I wrote this because "how do I use NMI properly" and related seem to be a common question here. And I was bored and needed a break from my other project.
Enjoy:
http://dischmeister.googlepages.com/nesdrawing.html
Hey, this is pretty good! I'm glad to see that someone took the time to sit down and explain all this. Good work
.
thanks a lot
that was a great very indepth review of all the stuff we should know
the only thing i can think of to improve it would be to give examples of buffer loading routines, but i'm sure there's plenty of those about
It's really a very great doccument, it was about time that someone took the effort of explaining all of that clearly. It's really perfect, even I learned something from it.
Oh and when you take the example of the frame being one hour, it'd make it even more sense if you make it being one day. The NMI is your alarm clock, and VBlank is your breakfast time. You have to not make it too long because you have to go to work (that is the work you have to do for the game engine on one frame). When finished, you go back home and sleep until next frame. Also this could explain slowdowns : If you have so much work to do that you haven't finished on morning, your alarm clock would still ring, and you should still take a breakfast, and after that you will return to your work (not begin another). When done you'd be so tired that you'd go immediately to bed (even if it's not night yet) and wait until next morning. Eventually, it can explain what happens when you read $2002, it just acknownledges the alarm clock. If you are constantly fetching it all the night you may not occasionally hear when it rings.
That makes sense in my opinion, but it's free of you to use it or not if you are making another version (the 1 frame = 1 hour example is good enough anyway).
This doc should be uploaded on romhacking.net (if it's not already done).
Nice doc. Still reading through it, but keep getting interrupted at work. doh!
I actually had a lot of fun with this, and already have ideas for some other topics. I'm thinking of doing a doc series in the same vein as the
C++ FAQ LITE, but for nesdev. You can sort of tell I even drifted into that style midway through the doc (the topics start turning into questions)
Anyway glad you guys liked it. I'll probably redraft this and organize it better. This actually started as a .txt document and then I quickly converted to html (which is why there's some oddities -- like **emphasis** instead of
emphasis)
Please fix the ''6502 Code'' stuff in that document, it's a tiny mess!
other than that, it's a nice document
This good be a nice candidate for the getting started section of the new wiki (if it ever sees the light of day).
Would it be an issue to post the content on it once it become available?
Wouldn't be an issue at all. I'm actually reformatting, reorganizing, and touching it up now. Will be a lot nicer, but will take me a while.
Anyway, yeah, go ahead and use that however you want.
Disch wrote:
Wouldn't be an issue at all.

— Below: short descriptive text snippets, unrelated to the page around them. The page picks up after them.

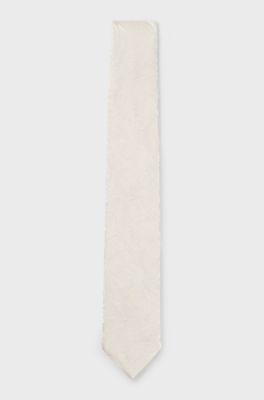 Silk-blend tie with paisley jacquard, White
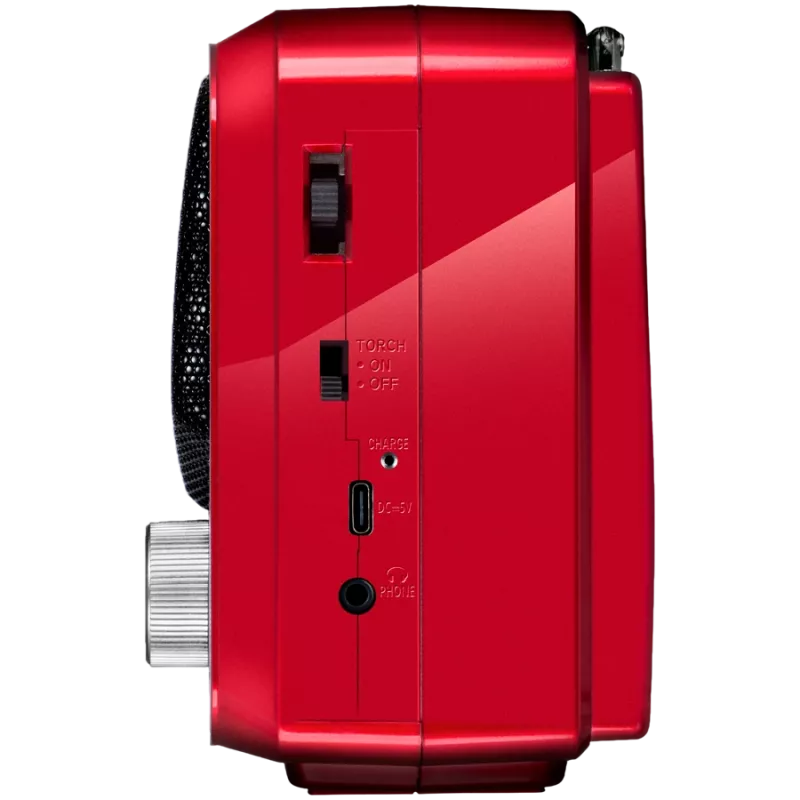 Reproduktor SVEN SRP-150 prenosný, červený (3W, Bluetooth, FM/AM/SW, USB, microSD, baterka, batéria)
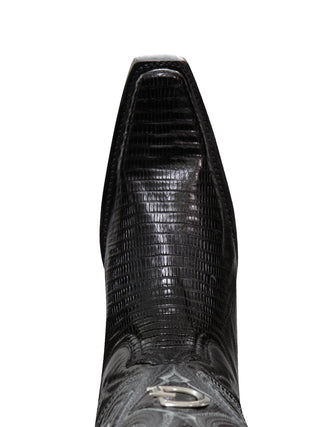 El General Men's Exotic Lizard Cowboy Boots - Black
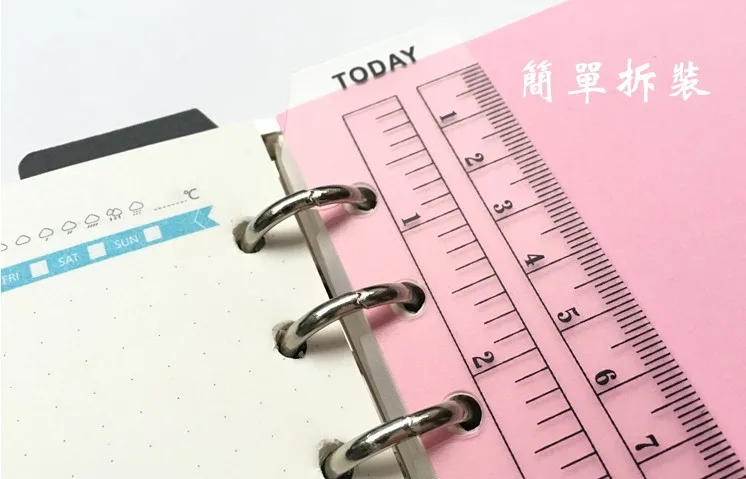 A5 A6 A7 Ruler Black Pink Matt Frosted Planner Agenda Notebook For 6 Holes Loose Leaf Spiral Notebook Organizer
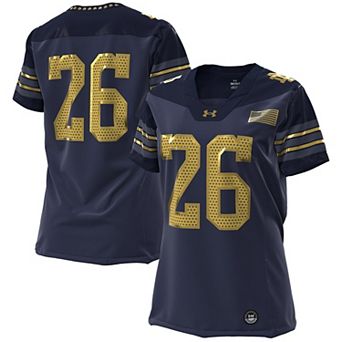 Women's Under Armour #26 Navy Notre Dame Fighting Irish 2026 Shamrock Series Replica Football Jersey
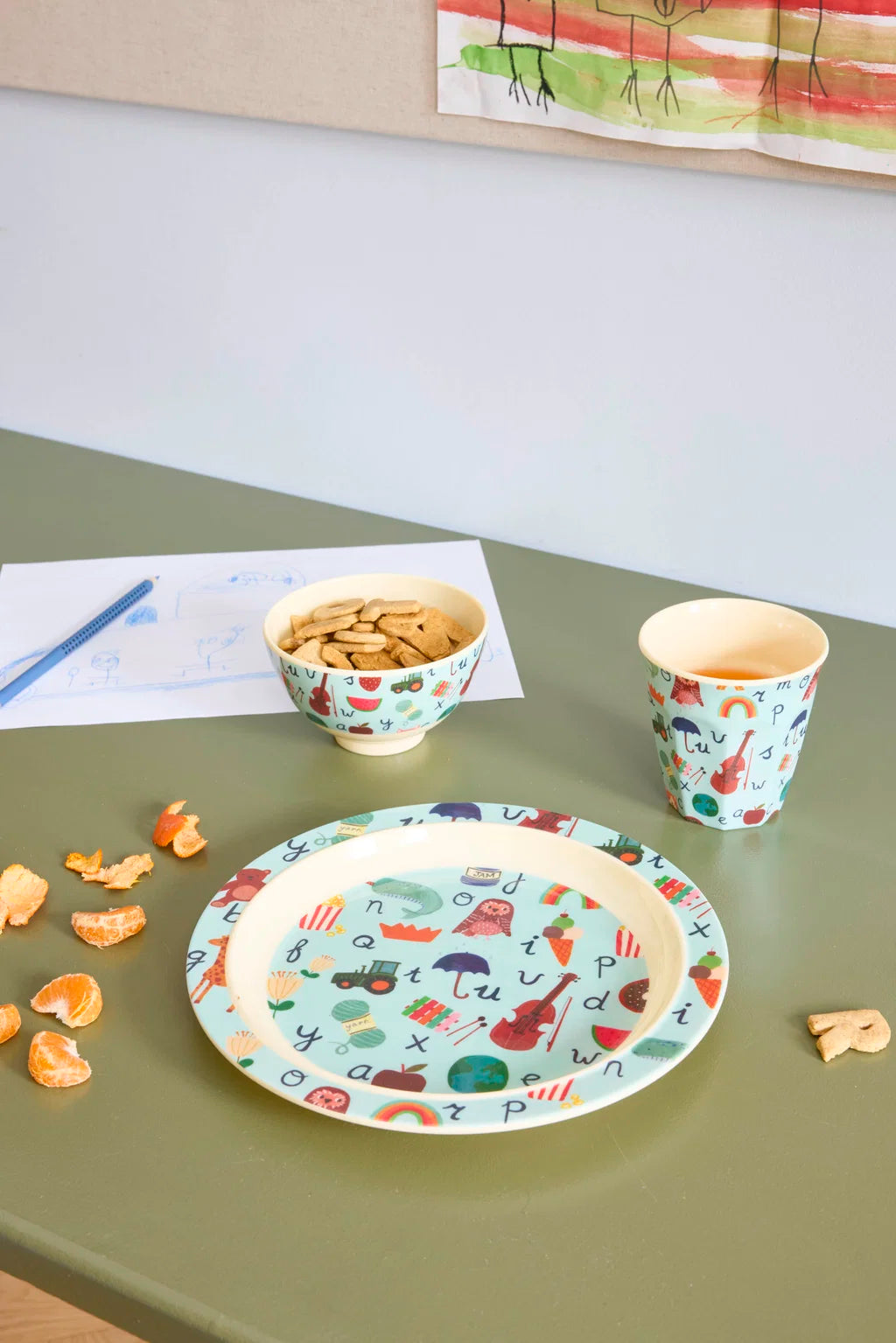 rice Kinderteller - blau - ABC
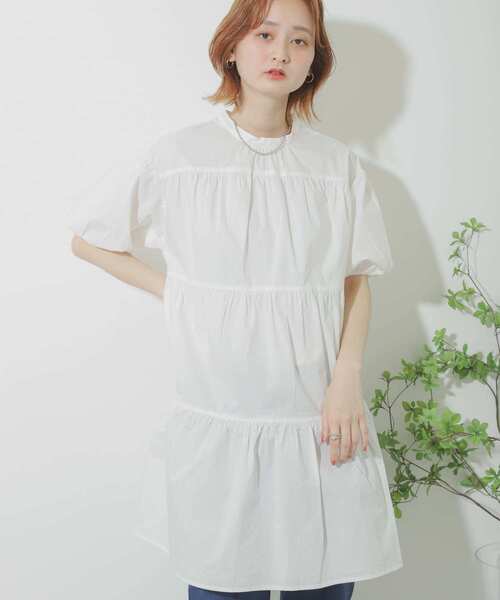 SENSE OF PLACE by URBAN RESEARCH（センスオブプレイスバイアーバンリサーチ）の「ボリュームスリーブティアードチュニック（シャツ/ブラウス・レディース・ブラック/ベージュ/オフホワイト・ONE）」の5枚目の写真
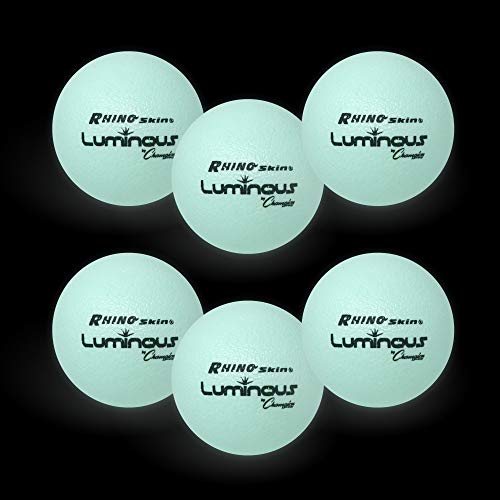 Champion Sports Premium Rhino Skin Dodgeballs with Mesh Storage Bag, Set of 6 - Glow in the Dark Playground Balls for Outdoor Games and Gym Class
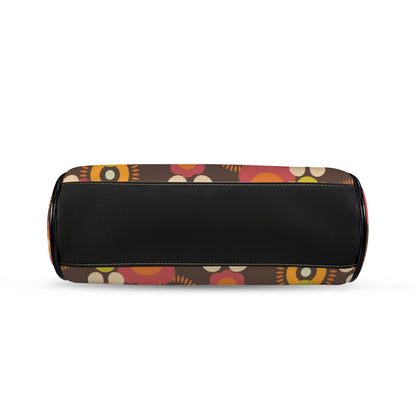 70s Flower Power Kiss Lock Purse, Retro Mod Floral Handbag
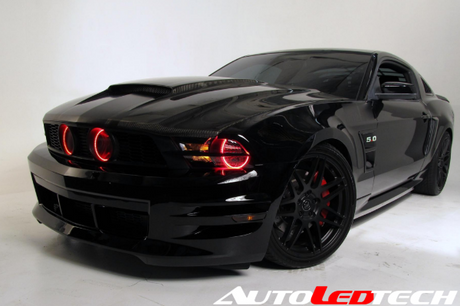2010-2012 Ford Mustang RGBW Color-Chasing LED Halo Kit (Halogen Models) LED headlight kit AutoLEDTech Oracle Lighting Trendz Flow Series RGBHaloKits OneUpLighting Morimoto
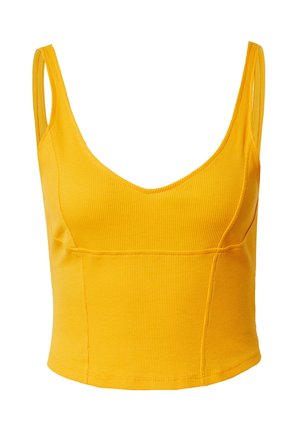 Gelbes geripptes Crop-Top mit tiefem V-Ausschnitt und dünnen Trägern. Die Textur ist glatt, und es hat eine figurbetonte Silhouette mit Nahtdetails.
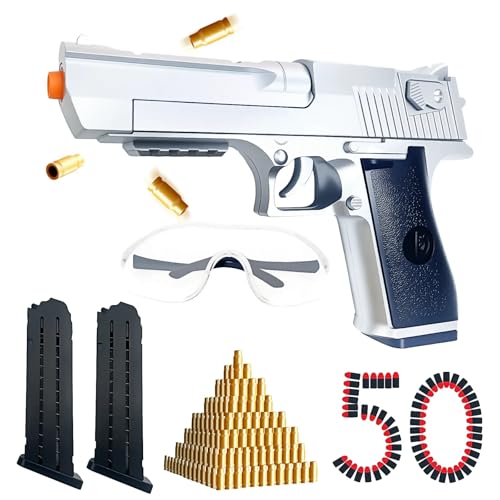 Foam Blaster Pistol Toy Gun with Shell Ejecting – Safe for Kids Ages 6+ – Includes 50 Soft...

I'm actually reformatting, reorganizing, and touching it up now. Will be a lot nicer, but will take me a while.
Anyway, yeah, go ahead and use that however you want.
Great then. I will be more than happy to mention the source since I think that even thought were fighting right now for the license for the content, mentioning who made it doesn't hurt (my stance on the matter). I think it's important to at least mention the people that did the effort to offer such nice content in the first place.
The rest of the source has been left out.